By John Kiwanuka Ssemakula, April 22, 2002

War has long been associated with disease outbreaks by creating the conditions necessary for epidemics. Destruction of infrastructure including water supply and sanitation facilities, displacing civilians and creating refugees who are often driven to camp in overcrowded, unsanitary settlements ideal for breeding disease. War in Africa has killed millions and brought suffering to millions more and setback development. The New Partnership for Africa’s Development (NEPAD) has given conflict resolution in Africa priority as a necessary prerequisite for sustained development in Africa.

HIV/AIDS and War

A notable example of war facilitating the spread of disease, is the Uganda / Tanzania war of 1979 and the spread of HIV/AIDS in Uganda. Geographers at Cambridge University, UK suggested the spread of AIDS could be traced back to the route the fleeing soldiers of Idi Amin’s defeated army took in 1979 while being pursued by Tanzanian soldiers. They concluded that the ethnic base and reported spatial pattern of AIDS is significantly related to the ethnic composition of the defeated Uganda National Liberation Army (UNLA) in 1979. In this instance war enabled the escape of the virus out of South West Uganda as the soldiers seeded it along the route from the South to the North of Uganda.  This could help explain the spread of AIDS from the South to its secondary focus in the North of Uganda. 1

Since the epidemic began, more than 60 million people have been infected with the virus worldwide. HIV/AIDS is now the leading killer in Africa, where there are now more than 28 million people infected.2 The effects of war on the spread of disease were the subject of a two-day meeting of experts in New York to discuss issues surrounding the role of armed conflict in the spread of HIV/ AIDS from April 18-19, 2002. The meeting was hosted by the UNFPA, the U.N. High Commissioner for Refugees and the Women's Commission for Refugee Women and Children. The meeting was seeking to address the concerns in light of earlier U.N. Security Council resolutions (including Resolution 1308) on the role of conflict in the spread of the disease.3

World War One and the Flu pandemic

World War One (WW1) may have been responsible for the great flu pandemic of 1918 that killed at least 40 million people.4 The authors of a report published in The Lancet when reviewing past mortality and morbidity reports from the early part of 20th century found evidence in the years preceding the 1918 pandemic of sentinel outbreaks at training camps and barracks in the UK, where many young soldiers were succumbing to a  pneumonic like illness and rapidly dying after a short time.

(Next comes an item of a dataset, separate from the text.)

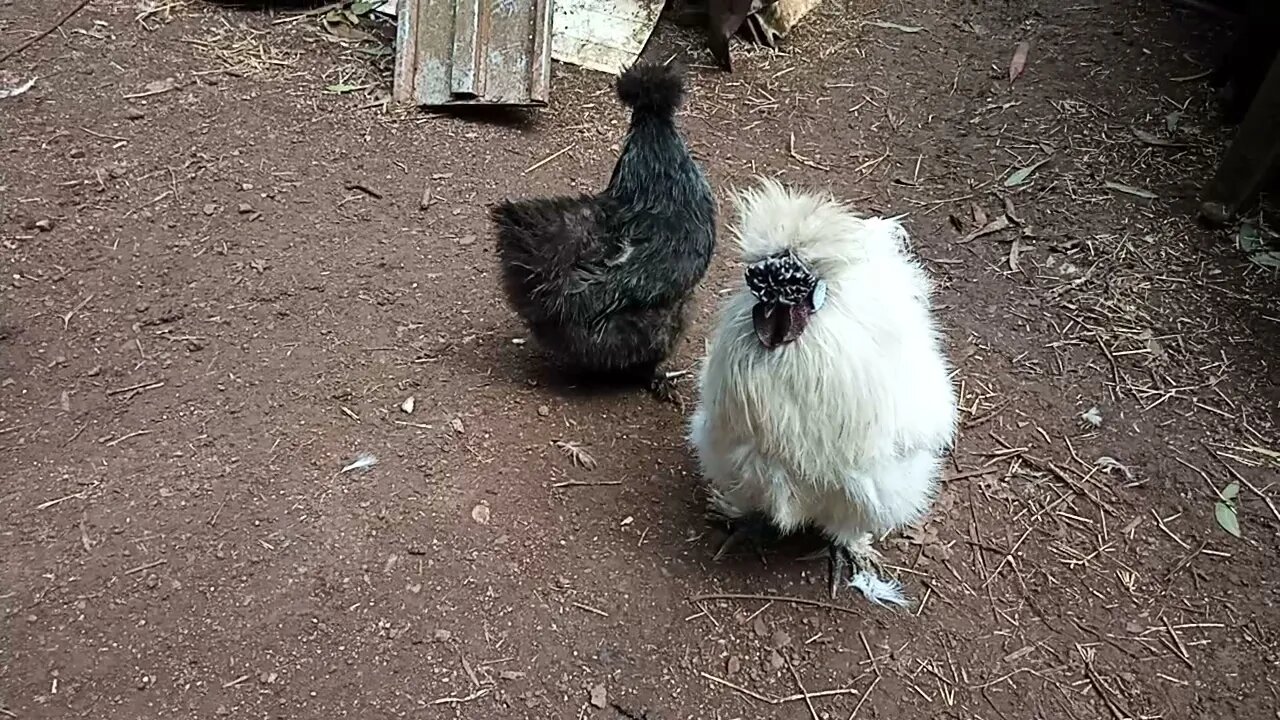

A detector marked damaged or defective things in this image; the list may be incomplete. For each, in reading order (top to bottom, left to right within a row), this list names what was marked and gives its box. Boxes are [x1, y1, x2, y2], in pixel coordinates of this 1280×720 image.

The barracks with their dormitory like buildings were ideal for dissemination air borne disease. When these young men were sent off to the war front there they came in contact with hundreds of thousands of other soldiers, allowing the virus to spread, change and mutate and become even more virulent. The frontlines had all the conditions of refugee camps, with hundreds of thousands of young men living in squalid unsanitary, overcrowded camps, ideal areas for the spread of disease. When the soldiers left the frontlines and returned home, they came back carrying more lethal forms of the bug and re-introduced it into the civilian population.


Re-emerging epidemics

Some epidemic disease are making resurgence due to wars in Africa and putting people at risk. For example epidemic typhus reappeared in Burundi in 1997 after an absence of twelve years associated with the civil war that broke out in 1993. Typhus is spread by lice and epidemics are associated with high density populations such as in refugee camps. 5


War and new diseases

There are currently numerous wars in Africa. The genocide in Rwanda in 1994 and the war that followed to drive out the Hutu perpetrators forced them into the jungles of neighbouring Democratic Republic of Congo (DRC) and created a huge refugee crisis. The DRC is of course where the deadly Ebola virus was first isolated in 1976. Since then there have been increasing reports of outbreaks, partly due to better surveillance, but also undoubtedly attributable to the civil war raging there that has already claimed an estimated 3 million civilians. The war involves soldiers from the DRC, Rwanda, Angola, Namibia, Uganda and Zimbabwe.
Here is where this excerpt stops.